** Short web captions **
───
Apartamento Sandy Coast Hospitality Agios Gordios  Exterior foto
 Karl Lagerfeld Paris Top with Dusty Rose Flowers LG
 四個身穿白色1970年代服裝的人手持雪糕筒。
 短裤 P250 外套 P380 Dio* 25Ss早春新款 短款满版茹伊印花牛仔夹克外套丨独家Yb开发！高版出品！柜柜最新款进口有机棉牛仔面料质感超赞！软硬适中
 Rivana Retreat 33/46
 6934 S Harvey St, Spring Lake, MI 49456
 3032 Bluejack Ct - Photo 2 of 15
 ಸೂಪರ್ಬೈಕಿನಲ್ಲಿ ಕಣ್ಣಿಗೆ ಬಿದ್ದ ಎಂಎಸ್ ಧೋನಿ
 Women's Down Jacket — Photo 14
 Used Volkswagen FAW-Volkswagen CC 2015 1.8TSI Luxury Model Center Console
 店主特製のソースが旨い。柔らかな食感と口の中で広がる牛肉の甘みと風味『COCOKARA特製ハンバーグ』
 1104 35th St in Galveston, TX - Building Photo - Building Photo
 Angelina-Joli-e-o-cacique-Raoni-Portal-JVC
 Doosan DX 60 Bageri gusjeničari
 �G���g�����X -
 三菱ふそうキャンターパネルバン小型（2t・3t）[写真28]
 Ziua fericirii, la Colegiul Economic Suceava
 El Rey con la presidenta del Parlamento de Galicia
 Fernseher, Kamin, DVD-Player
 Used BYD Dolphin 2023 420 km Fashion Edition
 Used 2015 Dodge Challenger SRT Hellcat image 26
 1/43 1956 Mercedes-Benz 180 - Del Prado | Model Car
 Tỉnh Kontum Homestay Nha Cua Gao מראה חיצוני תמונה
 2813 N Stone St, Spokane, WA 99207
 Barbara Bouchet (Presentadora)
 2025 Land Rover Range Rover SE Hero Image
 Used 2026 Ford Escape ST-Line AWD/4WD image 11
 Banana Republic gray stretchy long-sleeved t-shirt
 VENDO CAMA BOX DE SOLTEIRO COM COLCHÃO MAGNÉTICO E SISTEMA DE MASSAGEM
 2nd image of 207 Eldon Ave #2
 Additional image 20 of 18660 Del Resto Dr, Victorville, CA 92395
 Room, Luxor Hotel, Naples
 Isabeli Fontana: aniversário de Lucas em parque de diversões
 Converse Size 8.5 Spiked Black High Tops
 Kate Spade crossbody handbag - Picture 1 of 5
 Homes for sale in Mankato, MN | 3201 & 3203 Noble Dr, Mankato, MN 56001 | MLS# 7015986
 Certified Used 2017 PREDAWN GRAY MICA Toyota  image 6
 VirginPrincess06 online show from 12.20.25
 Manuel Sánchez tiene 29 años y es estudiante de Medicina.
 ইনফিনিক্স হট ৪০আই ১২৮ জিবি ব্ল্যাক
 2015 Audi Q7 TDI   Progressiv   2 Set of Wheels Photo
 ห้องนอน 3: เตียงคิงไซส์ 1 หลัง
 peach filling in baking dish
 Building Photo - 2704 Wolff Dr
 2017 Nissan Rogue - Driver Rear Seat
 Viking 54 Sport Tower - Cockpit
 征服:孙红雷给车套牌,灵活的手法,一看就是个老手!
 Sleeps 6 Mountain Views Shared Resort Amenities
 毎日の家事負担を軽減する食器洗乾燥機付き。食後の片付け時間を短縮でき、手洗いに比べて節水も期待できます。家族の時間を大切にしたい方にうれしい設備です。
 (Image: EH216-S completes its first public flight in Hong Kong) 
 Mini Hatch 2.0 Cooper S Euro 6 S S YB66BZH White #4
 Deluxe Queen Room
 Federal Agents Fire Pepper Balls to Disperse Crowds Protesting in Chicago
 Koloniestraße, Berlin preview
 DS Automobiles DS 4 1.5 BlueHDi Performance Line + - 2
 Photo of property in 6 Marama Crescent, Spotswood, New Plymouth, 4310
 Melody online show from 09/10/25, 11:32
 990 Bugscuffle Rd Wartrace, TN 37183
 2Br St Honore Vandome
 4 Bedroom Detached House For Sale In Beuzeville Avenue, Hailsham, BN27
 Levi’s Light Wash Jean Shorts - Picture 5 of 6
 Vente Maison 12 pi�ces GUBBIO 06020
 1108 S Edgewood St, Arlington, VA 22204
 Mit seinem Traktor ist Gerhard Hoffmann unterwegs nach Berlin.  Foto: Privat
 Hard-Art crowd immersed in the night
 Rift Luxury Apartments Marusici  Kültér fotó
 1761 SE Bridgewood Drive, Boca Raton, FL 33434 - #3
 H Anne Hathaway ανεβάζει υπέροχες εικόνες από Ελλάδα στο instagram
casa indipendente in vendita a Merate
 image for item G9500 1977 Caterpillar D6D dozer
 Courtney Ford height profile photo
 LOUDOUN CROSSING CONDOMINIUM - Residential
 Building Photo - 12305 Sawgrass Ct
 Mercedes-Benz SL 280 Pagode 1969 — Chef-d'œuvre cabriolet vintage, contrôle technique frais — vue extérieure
───
** Exercise **
Transcribe only the lines from the beginning of the entries to the line with "3032 Bluejack Ct - Photo 2 of 15", inclusive, exactly as written.

** Written reply **
Apartamento Sandy Coast Hospitality Agios Gordios  Exterior foto
 Karl Lagerfeld Paris Top with Dusty Rose Flowers LG
 四個身穿白色1970年代服裝的人手持雪糕筒。
 短裤 P250 外套 P380 Dio* 25Ss早春新款 短款满版茹伊印花牛仔夹克外套丨独家Yb开发！高版出品！柜柜最新款进口有机棉牛仔面料质感超赞！软硬适中
 Rivana Retreat 33/46
 6934 S Harvey St, Spring Lake, MI 49456
 3032 Bluejack Ct - Photo 2 of 15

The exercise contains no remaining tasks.